(PROBLEM STATEMENT)
The records are to be restated in their entirety, word for word.

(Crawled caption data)
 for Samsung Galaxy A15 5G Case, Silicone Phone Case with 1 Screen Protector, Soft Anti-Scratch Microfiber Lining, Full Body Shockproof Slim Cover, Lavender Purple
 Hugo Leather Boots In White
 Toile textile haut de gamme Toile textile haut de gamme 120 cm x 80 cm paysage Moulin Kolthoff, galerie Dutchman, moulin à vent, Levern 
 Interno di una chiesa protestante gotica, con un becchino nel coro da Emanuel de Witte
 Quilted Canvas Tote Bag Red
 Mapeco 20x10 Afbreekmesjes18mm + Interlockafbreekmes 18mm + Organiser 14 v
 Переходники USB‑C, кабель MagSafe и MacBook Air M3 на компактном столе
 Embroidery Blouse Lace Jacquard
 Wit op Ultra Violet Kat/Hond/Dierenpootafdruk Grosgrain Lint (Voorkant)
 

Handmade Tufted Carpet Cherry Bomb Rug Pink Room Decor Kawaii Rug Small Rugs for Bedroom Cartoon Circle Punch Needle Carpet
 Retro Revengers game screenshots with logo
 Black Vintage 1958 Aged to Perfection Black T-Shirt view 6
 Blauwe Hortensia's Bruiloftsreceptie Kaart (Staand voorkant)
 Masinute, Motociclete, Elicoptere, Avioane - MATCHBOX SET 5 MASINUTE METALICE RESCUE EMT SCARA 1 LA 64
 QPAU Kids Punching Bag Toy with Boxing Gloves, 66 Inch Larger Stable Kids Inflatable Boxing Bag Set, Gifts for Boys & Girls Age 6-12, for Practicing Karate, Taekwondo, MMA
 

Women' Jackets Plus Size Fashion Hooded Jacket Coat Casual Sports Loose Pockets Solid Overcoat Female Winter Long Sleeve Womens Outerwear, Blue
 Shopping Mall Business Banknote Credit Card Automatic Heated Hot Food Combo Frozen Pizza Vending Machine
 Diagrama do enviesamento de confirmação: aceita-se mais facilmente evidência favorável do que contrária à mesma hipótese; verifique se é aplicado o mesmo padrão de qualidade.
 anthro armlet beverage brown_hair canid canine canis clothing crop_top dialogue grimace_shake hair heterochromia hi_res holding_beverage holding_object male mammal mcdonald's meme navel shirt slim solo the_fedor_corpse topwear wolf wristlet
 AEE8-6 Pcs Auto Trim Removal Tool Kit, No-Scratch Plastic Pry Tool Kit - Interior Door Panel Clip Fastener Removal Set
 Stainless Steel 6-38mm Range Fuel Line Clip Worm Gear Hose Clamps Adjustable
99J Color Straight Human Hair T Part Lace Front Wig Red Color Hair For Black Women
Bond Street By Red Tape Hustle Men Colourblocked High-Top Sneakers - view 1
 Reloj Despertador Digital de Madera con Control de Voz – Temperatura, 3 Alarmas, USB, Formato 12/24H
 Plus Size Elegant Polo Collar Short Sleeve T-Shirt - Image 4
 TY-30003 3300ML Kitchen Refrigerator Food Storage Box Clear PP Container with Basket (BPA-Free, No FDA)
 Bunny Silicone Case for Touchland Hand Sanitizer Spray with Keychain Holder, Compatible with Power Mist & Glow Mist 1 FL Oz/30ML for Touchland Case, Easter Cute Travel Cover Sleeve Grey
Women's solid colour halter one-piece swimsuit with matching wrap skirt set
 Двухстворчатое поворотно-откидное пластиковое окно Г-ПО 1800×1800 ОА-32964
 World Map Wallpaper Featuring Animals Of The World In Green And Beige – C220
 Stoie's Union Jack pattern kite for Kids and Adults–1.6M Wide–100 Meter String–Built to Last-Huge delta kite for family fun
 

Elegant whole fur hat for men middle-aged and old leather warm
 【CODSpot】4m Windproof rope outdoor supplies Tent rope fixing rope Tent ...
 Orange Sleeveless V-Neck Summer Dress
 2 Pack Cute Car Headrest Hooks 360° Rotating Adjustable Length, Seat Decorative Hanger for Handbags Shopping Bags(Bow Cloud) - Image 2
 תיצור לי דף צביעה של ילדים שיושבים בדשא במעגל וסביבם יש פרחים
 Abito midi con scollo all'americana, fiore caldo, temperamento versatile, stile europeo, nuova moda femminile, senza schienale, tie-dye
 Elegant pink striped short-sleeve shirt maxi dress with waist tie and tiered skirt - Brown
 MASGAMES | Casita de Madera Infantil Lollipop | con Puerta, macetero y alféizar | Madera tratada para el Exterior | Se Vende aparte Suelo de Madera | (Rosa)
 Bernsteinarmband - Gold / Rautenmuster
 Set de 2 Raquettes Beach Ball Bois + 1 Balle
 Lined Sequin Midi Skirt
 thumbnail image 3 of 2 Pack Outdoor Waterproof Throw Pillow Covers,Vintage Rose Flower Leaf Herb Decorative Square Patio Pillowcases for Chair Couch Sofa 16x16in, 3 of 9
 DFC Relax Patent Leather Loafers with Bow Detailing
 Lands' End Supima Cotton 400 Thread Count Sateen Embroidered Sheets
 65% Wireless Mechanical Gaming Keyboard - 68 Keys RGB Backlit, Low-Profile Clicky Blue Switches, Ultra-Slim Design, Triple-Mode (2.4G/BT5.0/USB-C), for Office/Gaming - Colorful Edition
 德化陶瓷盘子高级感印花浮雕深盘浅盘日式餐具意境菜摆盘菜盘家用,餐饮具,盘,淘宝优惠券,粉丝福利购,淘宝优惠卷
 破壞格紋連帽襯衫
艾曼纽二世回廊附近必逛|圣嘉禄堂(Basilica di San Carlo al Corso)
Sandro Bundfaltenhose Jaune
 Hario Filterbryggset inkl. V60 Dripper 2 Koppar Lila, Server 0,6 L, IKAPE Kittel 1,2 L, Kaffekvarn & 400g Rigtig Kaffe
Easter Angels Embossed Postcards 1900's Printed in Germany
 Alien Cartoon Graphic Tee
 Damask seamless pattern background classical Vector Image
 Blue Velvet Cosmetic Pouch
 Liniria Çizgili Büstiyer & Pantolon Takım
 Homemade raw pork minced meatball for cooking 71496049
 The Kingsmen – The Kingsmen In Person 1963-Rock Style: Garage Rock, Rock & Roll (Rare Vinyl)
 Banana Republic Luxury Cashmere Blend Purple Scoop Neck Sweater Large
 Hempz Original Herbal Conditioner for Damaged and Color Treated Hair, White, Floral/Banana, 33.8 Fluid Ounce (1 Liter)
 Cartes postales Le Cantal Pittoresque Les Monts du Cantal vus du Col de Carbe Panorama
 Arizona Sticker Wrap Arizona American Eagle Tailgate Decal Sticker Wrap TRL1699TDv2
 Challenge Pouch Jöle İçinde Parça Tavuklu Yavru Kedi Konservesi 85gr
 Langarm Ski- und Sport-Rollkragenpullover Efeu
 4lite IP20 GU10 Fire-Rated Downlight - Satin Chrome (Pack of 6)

(SOLUTION TO THIS TASK)
 for Samsung Galaxy A15 5G Case, Silicone Phone Case with 1 Screen Protector, Soft Anti-Scratch Microfiber Lining, Full Body Shockproof Slim Cover, Lavender Purple
 Hugo Leather Boots In White
 Toile textile haut de gamme Toile textile haut de gamme 120 cm x 80 cm paysage Moulin Kolthoff, galerie Dutchman, moulin à vent, Levern 
 Interno di una chiesa protestante gotica, con un becchino nel coro da Emanuel de Witte
 Quilted Canvas Tote Bag Red
 Mapeco 20x10 Afbreekmesjes18mm + Interlockafbreekmes 18mm + Organiser 14 v
 Переходники USB‑C, кабель MagSafe и MacBook Air M3 на компактном столе
 Embroidery Blouse Lace Jacquard
 Wit op Ultra Violet Kat/Hond/Dierenpootafdruk Grosgrain Lint (Voorkant)
 

Handmade Tufted Carpet Cherry Bomb Rug Pink Room Decor Kawaii Rug Small Rugs for Bedroom Cartoon Circle Punch Needle Carpet
 Retro Revengers game screenshots with logo
 Black Vintage 1958 Aged to Perfection Black T-Shirt view 6
 Blauwe Hortensia's Bruiloftsreceptie Kaart (Staand voorkant)
 Masinute, Motociclete, Elicoptere, Avioane - MATCHBOX SET 5 MASINUTE METALICE RESCUE EMT SCARA 1 LA 64
 QPAU Kids Punching Bag Toy with Boxing Gloves, 66 Inch Larger Stable Kids Inflatable Boxing Bag Set, Gifts for Boys & Girls Age 6-12, for Practicing Karate, Taekwondo, MMA
 

Women' Jackets Plus Size Fashion Hooded Jacket Coat Casual Sports Loose Pockets Solid Overcoat Female Winter Long Sleeve Womens Outerwear, Blue
 Shopping Mall Business Banknote Credit Card Automatic Heated Hot Food Combo Frozen Pizza Vending Machine
 Diagrama do enviesamento de confirmação: aceita-se mais facilmente evidência favorável do que contrária à mesma hipótese; verifique se é aplicado o mesmo padrão de qualidade.
 anthro armlet beverage brown_hair canid canine canis clothing crop_top dialogue grimace_shake hair heterochromia hi_res holding_beverage holding_object male mammal mcdonald's meme navel shirt slim solo the_fedor_corpse topwear wolf wristlet
 AEE8-6 Pcs Auto Trim Removal Tool Kit, No-Scratch Plastic Pry Tool Kit - Interior Door Panel Clip Fastener Removal Set
 Stainless Steel 6-38mm Range Fuel Line Clip Worm Gear Hose Clamps Adjustable
99J Color Straight Human Hair T Part Lace Front Wig Red Color Hair For Black Women
Bond Street By Red Tape Hustle Men Colourblocked High-Top Sneakers - view 1
 Reloj Despertador Digital de Madera con Control de Voz – Temperatura, 3 Alarmas, USB, Formato 12/24H
 Plus Size Elegant Polo Collar Short Sleeve T-Shirt - Image 4
 TY-30003 3300ML Kitchen Refrigerator Food Storage Box Clear PP Container with Basket (BPA-Free, No FDA)
 Bunny Silicone Case for Touchland Hand Sanitizer Spray with Keychain Holder, Compatible with Power Mist & Glow Mist 1 FL Oz/30ML for Touchland Case, Easter Cute Travel Cover Sleeve Grey
Women's solid colour halter one-piece swimsuit with matching wrap skirt set
 Двухстворчатое поворотно-откидное пластиковое окно Г-ПО 1800×1800 ОА-32964
 World Map Wallpaper Featuring Animals Of The World In Green And Beige – C220
 Stoie's Union Jack pattern kite for Kids and Adults–1.6M Wide–100 Meter String–Built to Last-Huge delta kite for family fun
 

Elegant whole fur hat for men middle-aged and old leather warm
 【CODSpot】4m Windproof rope outdoor supplies Tent rope fixing rope Tent ...
 Orange Sleeveless V-Neck Summer Dress
 2 Pack Cute Car Headrest Hooks 360° Rotating Adjustable Length, Seat Decorative Hanger for Handbags Shopping Bags(Bow Cloud) - Image 2
 תיצור לי דף צביעה של ילדים שיושבים בדשא במעגל וסביבם יש פרחים
 Abito midi con scollo all'americana, fiore caldo, temperamento versatile, stile europeo, nuova moda femminile, senza schienale, tie-dye
 Elegant pink striped short-sleeve shirt maxi dress with waist tie and tiered skirt - Brown
 MASGAMES | Casita de Madera Infantil Lollipop | con Puerta, macetero y alféizar | Madera tratada para el Exterior | Se Vende aparte Suelo de Madera | (Rosa)
 Bernsteinarmband - Gold / Rautenmuster
 Set de 2 Raquettes Beach Ball Bois + 1 Balle
 Lined Sequin Midi Skirt
 thumbnail image 3 of 2 Pack Outdoor Waterproof Throw Pillow Covers,Vintage Rose Flower Leaf Herb Decorative Square Patio Pillowcases for Chair Couch Sofa 16x16in, 3 of 9
 DFC Relax Patent Leather Loafers with Bow Detailing
 Lands' End Supima Cotton 400 Thread Count Sateen Embroidered Sheets
 65% Wireless Mechanical Gaming Keyboard - 68 Keys RGB Backlit, Low-Profile Clicky Blue Switches, Ultra-Slim Design, Triple-Mode (2.4G/BT5.0/USB-C), for Office/Gaming - Colorful Edition
 德化陶瓷盘子高级感印花浮雕深盘浅盘日式餐具意境菜摆盘菜盘家用,餐饮具,盘,淘宝优惠券,粉丝福利购,淘宝优惠卷
 破壞格紋連帽襯衫
艾曼纽二世回廊附近必逛|圣嘉禄堂(Basilica di San Carlo al Corso)
Sandro Bundfaltenhose Jaune
 Hario Filterbryggset inkl. V60 Dripper 2 Koppar Lila, Server 0,6 L, IKAPE Kittel 1,2 L, Kaffekvarn & 400g Rigtig Kaffe
Easter Angels Embossed Postcards 1900's Printed in Germany
 Alien Cartoon Graphic Tee
 Damask seamless pattern background classical Vector Image
 Blue Velvet Cosmetic Pouch
 Liniria Çizgili Büstiyer & Pantolon Takım
 Homemade raw pork minced meatball for cooking 71496049
 The Kingsmen – The Kingsmen In Person 1963-Rock Style: Garage Rock, Rock & Roll (Rare Vinyl)
 Banana Republic Luxury Cashmere Blend Purple Scoop Neck Sweater Large
 Hempz Original Herbal Conditioner for Damaged and Color Treated Hair, White, Floral/Banana, 33.8 Fluid Ounce (1 Liter)
 Cartes postales Le Cantal Pittoresque Les Monts du Cantal vus du Col de Carbe Panorama
 Arizona Sticker Wrap Arizona American Eagle Tailgate Decal Sticker Wrap TRL1699TDv2
 Challenge Pouch Jöle İçinde Parça Tavuklu Yavru Kedi Konservesi 85gr
 Langarm Ski- und Sport-Rollkragenpullover Efeu
 4lite IP20 GU10 Fire-Rated Downlight - Satin Chrome (Pack of 6)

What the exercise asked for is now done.